[[ Data to use open ]]

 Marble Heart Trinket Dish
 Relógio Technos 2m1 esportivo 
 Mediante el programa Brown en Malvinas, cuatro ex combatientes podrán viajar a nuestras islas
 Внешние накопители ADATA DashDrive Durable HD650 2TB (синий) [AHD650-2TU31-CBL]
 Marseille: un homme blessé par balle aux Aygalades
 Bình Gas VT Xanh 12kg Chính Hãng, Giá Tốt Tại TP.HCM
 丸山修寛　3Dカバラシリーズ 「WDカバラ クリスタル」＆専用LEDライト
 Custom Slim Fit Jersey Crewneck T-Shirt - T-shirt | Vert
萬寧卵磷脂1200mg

[[ Data to use closed ]]

Write out exactly the lines that run from the one containing "Relógio Technos 2m1 esportivo" to the end of the records, both end lines included.

 Relógio Technos 2m1 esportivo 
 Mediante el programa Brown en Malvinas, cuatro ex combatientes podrán viajar a nuestras islas
 Внешние накопители ADATA DashDrive Durable HD650 2TB (синий) [AHD650-2TU31-CBL]
 Marseille: un homme blessé par balle aux Aygalades
 Bình Gas VT Xanh 12kg Chính Hãng, Giá Tốt Tại TP.HCM
 丸山修寛　3Dカバラシリーズ 「WDカバラ クリスタル」＆専用LEDライト
 Custom Slim Fit Jersey Crewneck T-Shirt - T-shirt | Vert
萬寧卵磷脂1200mg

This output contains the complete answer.